There are two classification systems that break acute lymphoblastic leukaemia down into various sub-types. These are the WHO (World Health Organisation) classification system and the FAB (French-American-British) classification system.
The WHO system is based on the type of lymphocyte (either B- or T-lymphocyte) that has become cancerous. This system is important as it is useful for planning treatment and predicting response. There are three different sub-types:
- early (precursor) B-lymphoblastic leukaemia (most adults with ALL have this type)
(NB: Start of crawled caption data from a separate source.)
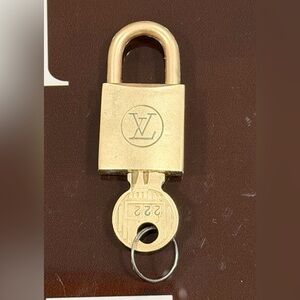 Authentic Louis Vuitton Gold Padlock with Key used #222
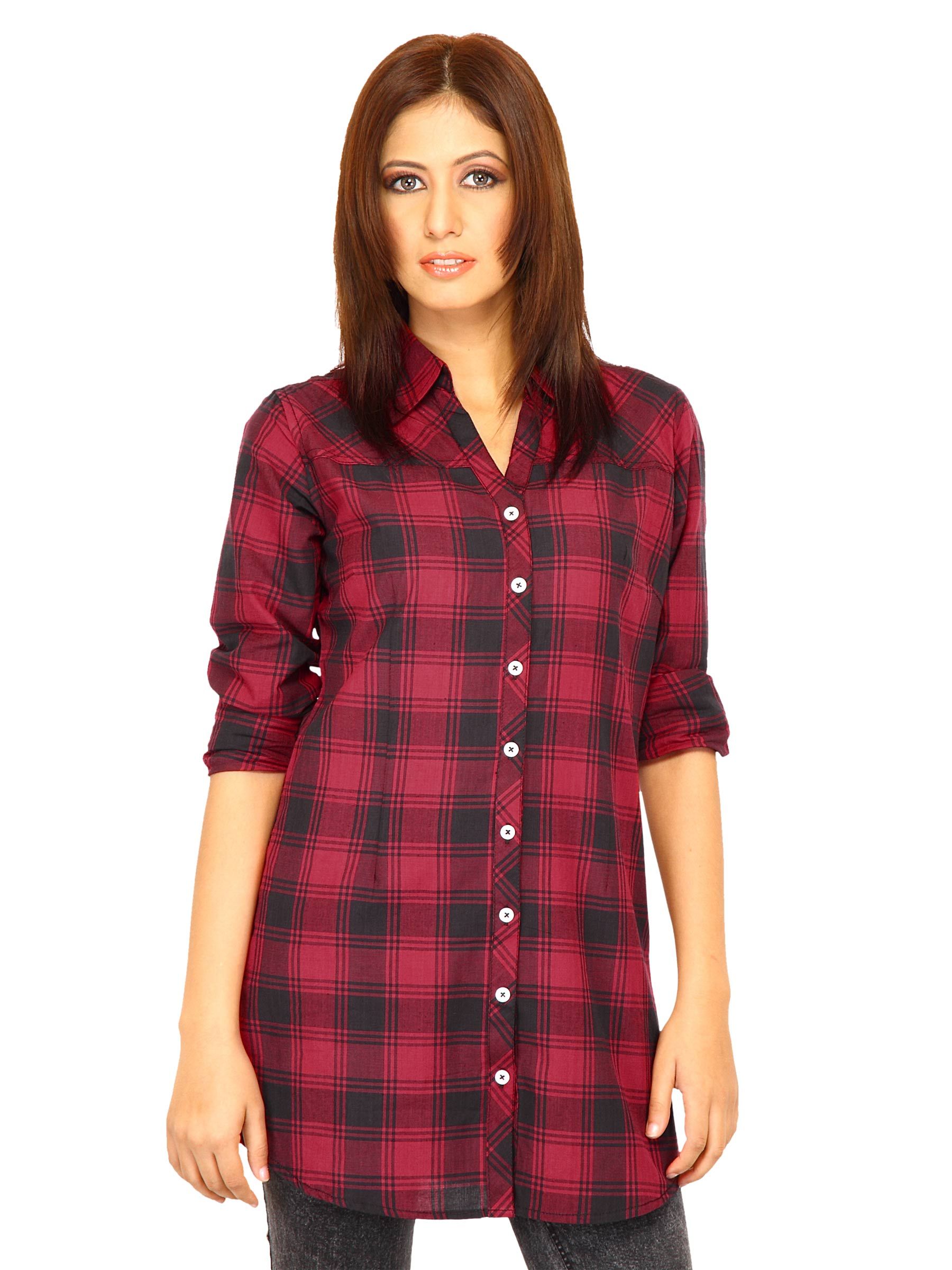 Jealous 21 Women Check Red Shirt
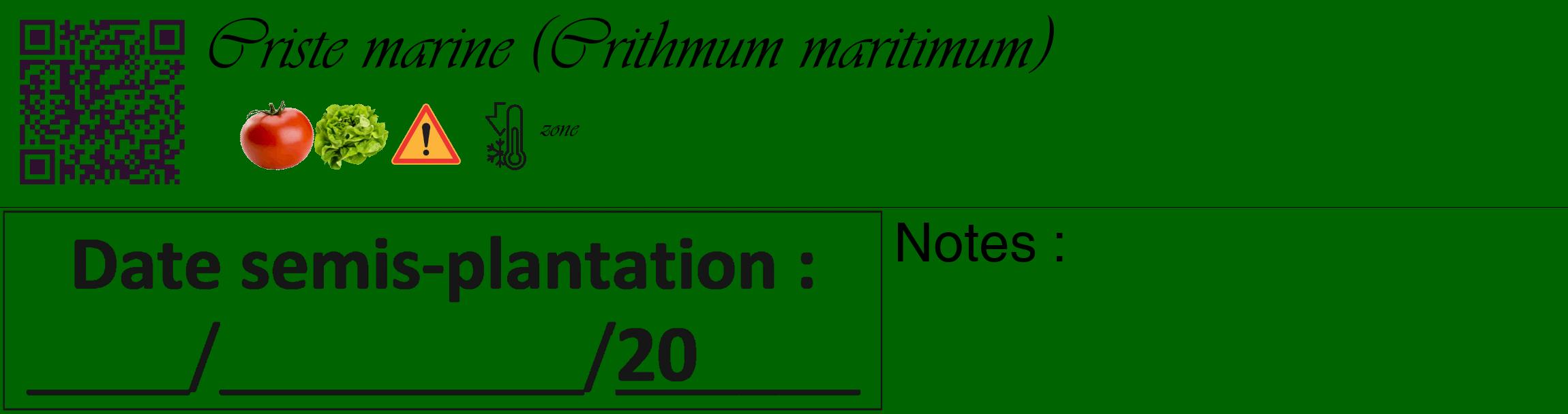 Étiquette de : Crithmum maritimum - format c - style noire8_basique_basiqueviv avec qrcode et comestibilité simplifiée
- mature B-lymphoblastic leukaemia (sometimes called Burkitt-type ALL because it is similar to Burkitt lymphoma)
- early (precursor) T-lymphoblastic leukaemia.
The FAB classification system is less helpful for planning treatment or predicting outcome. It looks at the appearance of the leukaemia cells under a microscope (morphology). It is divided into three different sub-types:
- L1 – the leukaemic cells (lymphoblasts) are quite mature and similar to normal lymphocytes
- L2 – the lymphoblasts are more immature
- L3 – the lymphoblasts are very immature and do not function well.
Philadelphia chromosome
Some people with ALL have a particular genetic abnormality known as a Philadelphia chromosome which can be detected by cytogenetic tests. The Philadelphia chromosome develops when part of chromosome 9 (the ABL gene) wrongly attaches to chromosome 22 (the BCR gene) during cell division. This creates a new gene, known as BCR-ABL, which produces a specific new protein. The protein causes the production of an enzyme called tyrosine kinase, which makes the bone marrow produce abnormal blood cells.
The Philadelphia chromosome is not inherited and cannot be passed on to your children.